Villages really are a difficult affair. You don't want to be rude to the people living there by insulting them, and you also really appreciate how people can live without so many modern conveniences and make a life for themselves here. You also realize that all the modern conveniences that we are used to are very artificial, and it takes a great deal to maintain them (paying taxes so we can have city water supply and trash service, for example, which then have large crews of people employed by the city to maintain such things for us at a collective cost of millions of dollars). And that's just for water and trash.

 

The hardest concept about villages to grasp is that a mere 100 years ago, pretty much everyone lived like this. Everyone. And billions still do today.
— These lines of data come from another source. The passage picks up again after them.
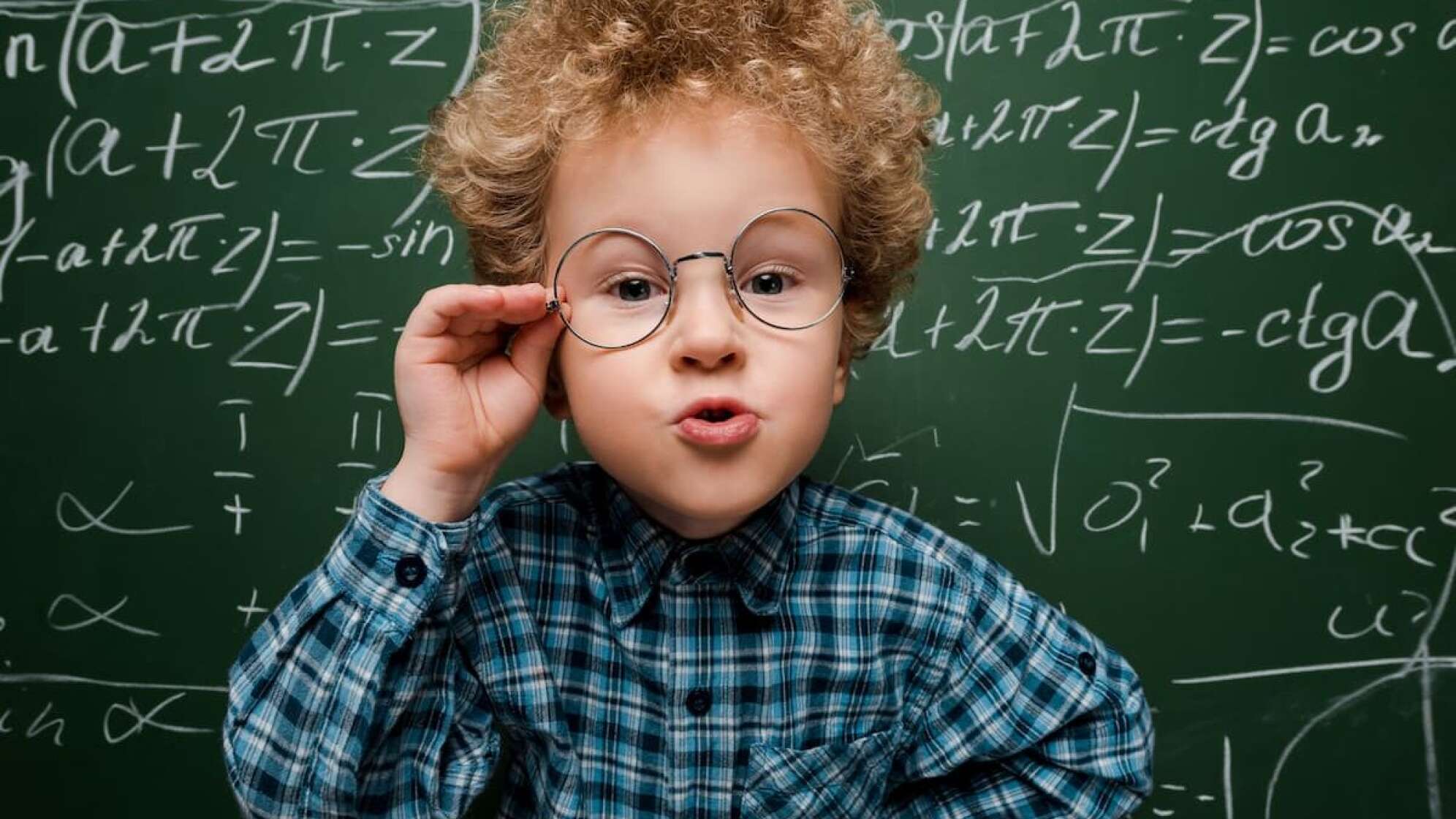Kind mit Brille und Struppelhaaren vor beschriebener Tafel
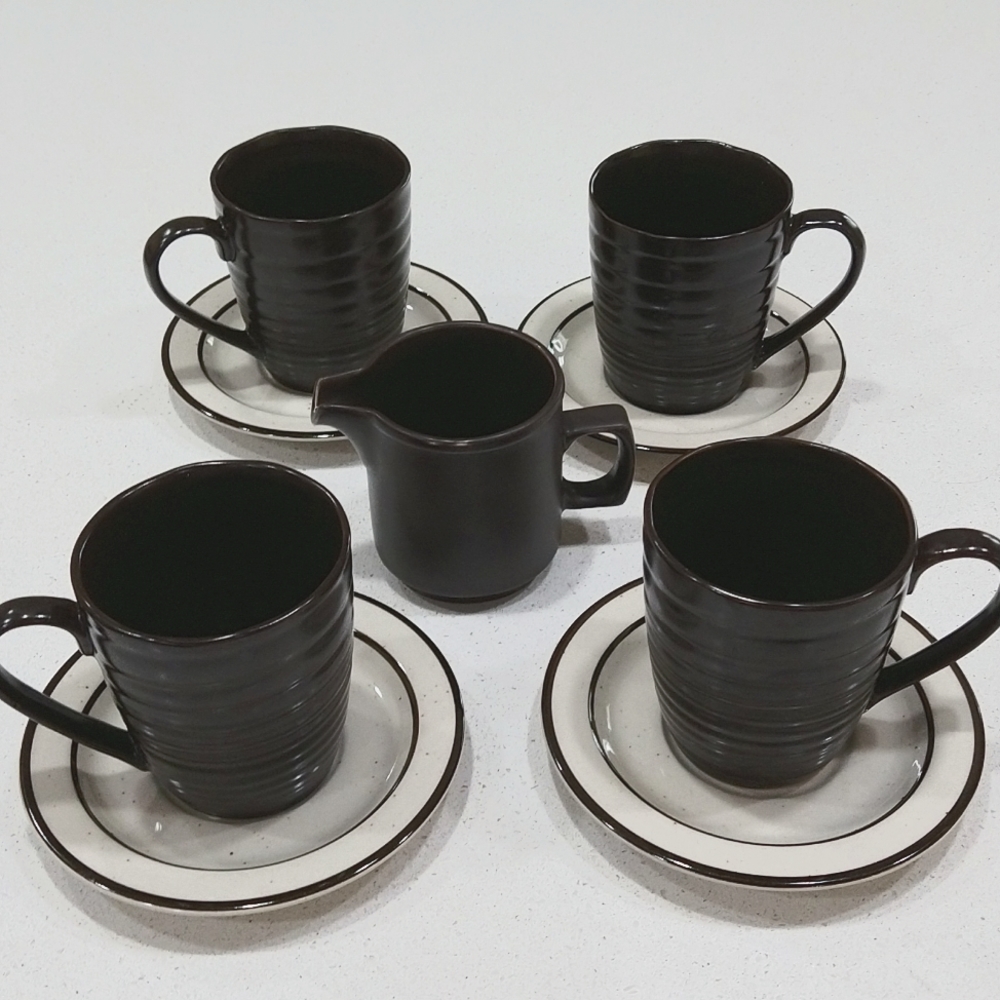 Sango/ swirl charcoal ribbed stoneware mugs with saucers and a creamer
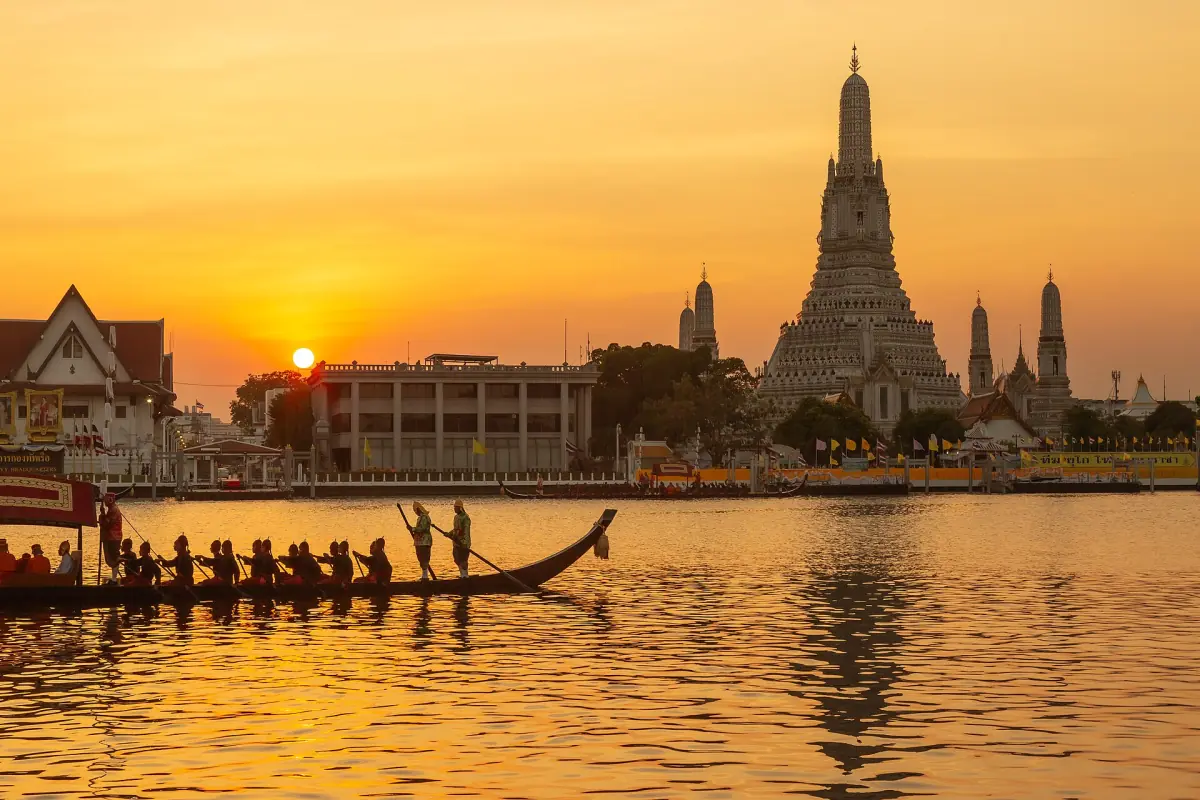 Wat Arun at sunset with a long boat on the river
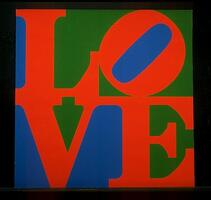 The word &ldquo;love&rdquo; printed in capital letters in red on a blue and green background with a black border or frame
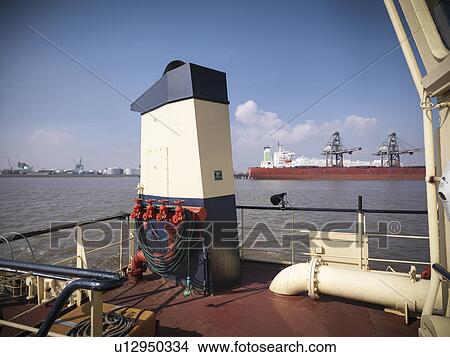 Picture - Tugboat docked in urban harbor. Fotosearch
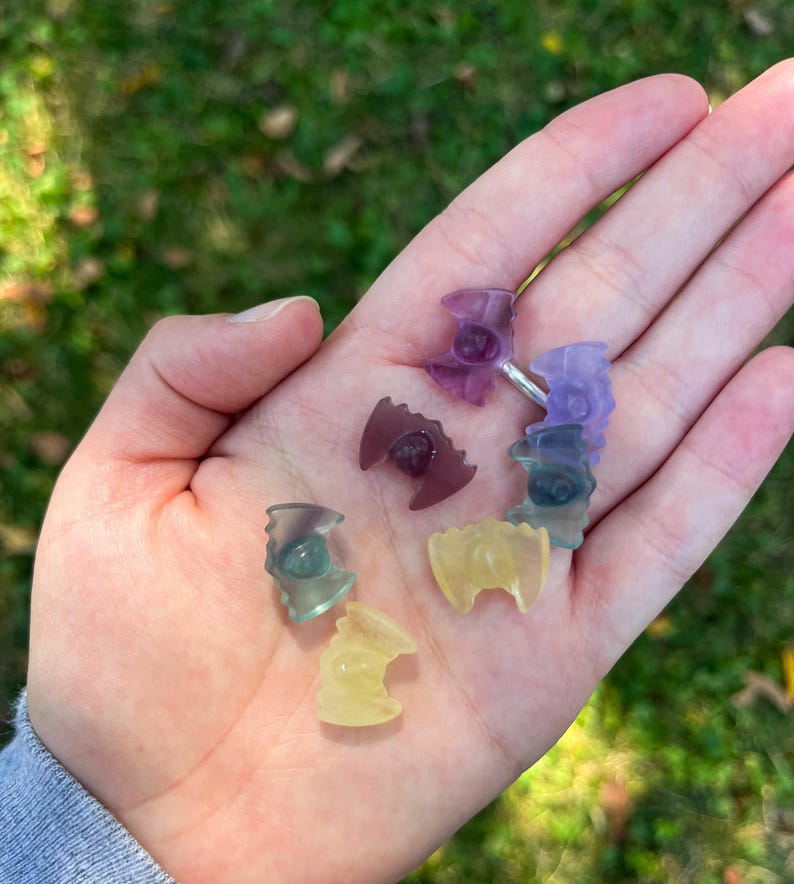 May include: A collection of small, colorful crystal bat figurines in shades of purple, green, and yellow. The figurines are held in a hand against a blurred green background. The crystals have a translucent quality.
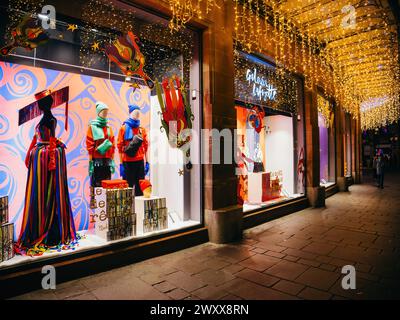 Straßburg, Frankreich - 23. Dezember 2023: Die Galeries Lafayette erstrahlt vor Feiertagsstimmung, ihre lebendigen Fenster und festlichen Lichter laden zum Zauber der Weihnachtszeit in die Stadt ein Stockfoto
And here we are, spoiled westerners, who although can appreciate the situation, can't bring ourselves to stay in a village for more than a few hours without becoming uncomfortable. It hits you very, very hard, just how easy life has become, and exactly how much comfort we take for granted and demand. Not only that, but it shows just how hard life is, and how dirty our bodies really are. Preparing food on dirty tables, not being able to clean dishes with hot water all the time, no where for used water, not being able to shower to rinse off the dirt and sweat our bodies accumulate by just . . . just what? Being in nature - in absolutely natural surroundings. Sweat, dirt, food comes from the ground - all of this is completely and absolutely normal, and here we are, so far divorced from this, so quickly, over the space of 100 years. It's extremely crazy. I thoroughly recommend everyone to visit village like in Moldova at least once in their lives, and stay at least one night - so you are well past the point of being uncomfortable - just to experience it. To experience the types of feelings of discomfort and frustration, of dirt when you can't wash your hands anytime you want. And to realize that this is the normal way of being - that if there was some nuclear war tomorrow that this is how we'd be living in an instant - and to appreciate just how much effort it takes to run a modern city with modern conveniences, with it's various laws, construction crews, and just ordinary life in a modern city. It's amazing.